Review — Lights Out

Brad Hubbard
2 min readJul 23


‘Lights Out: Pride, Delusion, and the Fall of General Electric’ is a good business book read. In fact it probably should be on a list for any MBA program. The book was written by Thomas Gryta and Ted Mann. Two journalists who have followed the company for years and tell a long and trying tale of the years under former Chairman & CEO Jeff Immelt.

Gryta & Mann really focus on the Immelt years in part because so much has been written about acclaimed Chairman & CEO Jack Welch. Immelt essentially dealt with the fallout of Welch’s decisions and then piled on to those by making some poor ones of his own while dealing with multiple black swan events such as the financial crisis and 9/11. The bottom line is that GE was so big that no one really knew what it was worth and where the big revenue generating businesses were. In the end, it was GE Capital that was behind the earnings growth over the years for the company. At least it was during Welch’s time.

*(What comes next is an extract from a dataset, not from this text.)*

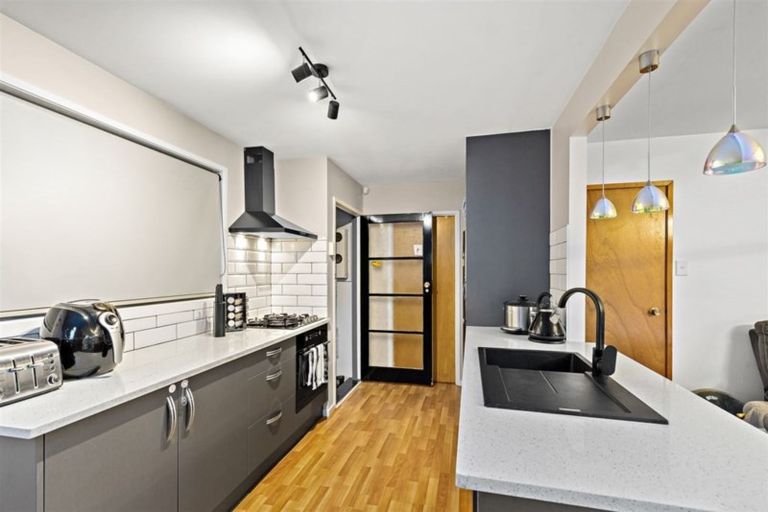 Photo of property in 49 Larissa Avenue, Henderson, Auckland, 0610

One of the more shocking things for me in the book was the amount of support GE received from the federal government during after the financial crisis. As the authors state on page 126;

“After repeatedly asserting that it didn’t need help, GE would use the government guarantee to sell almost $131 billion in debt through a staggering 4,328 different issuances. The second most active issuer, Citigroup, had just 1,655 issuances.”

After I read that I literally threw the book on the floor.

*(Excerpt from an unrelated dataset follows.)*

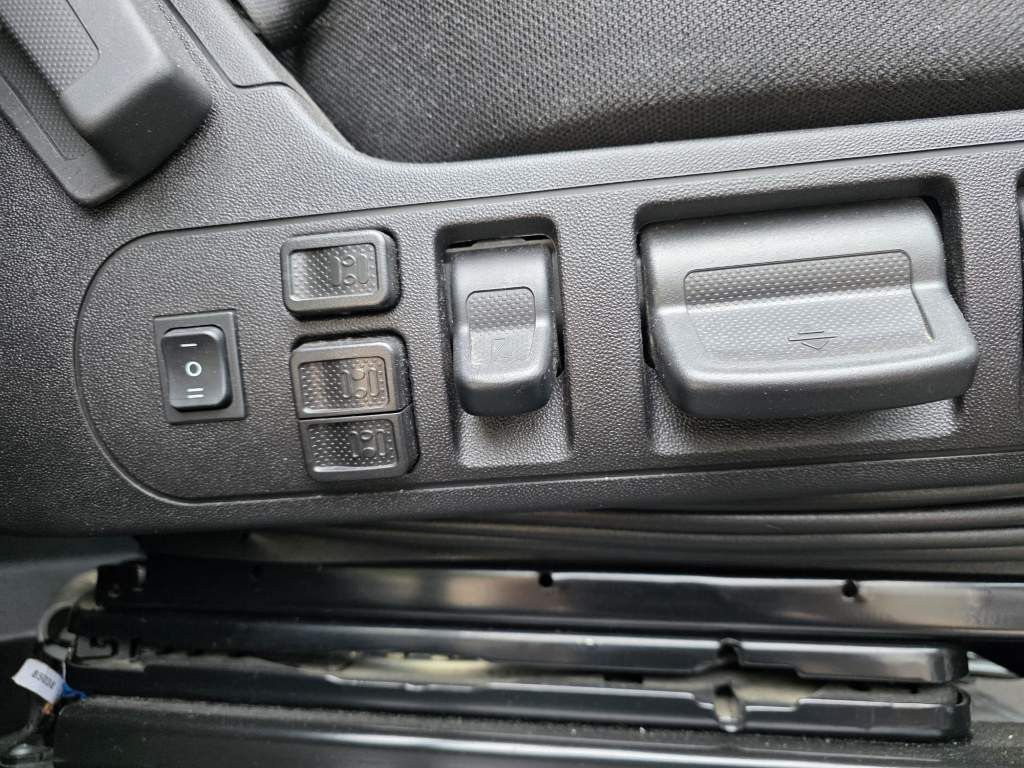 Fahrzeugabbildung Iveco 480 S-Way, 2 Kreis-Hydraulik, Retrader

Despite being one of the most widely held stocks, GE was in trouble for a long time and it was account tricks that kept it together. It certainly wasn’t great management as they liked to claim. But GE is still around, albeit a slimmed down version, and is now thriving under the leadership of Larry Culp.

Let me say that if you are not into business books then don’t pick this one up. I happen to like books like this but even I found it long winded at times. Perhaps it was the short chapters that made it feel that way or just the amount of time the authors were trying to cover. Either way, if you don’t even have a remote interest then don’t pick this up.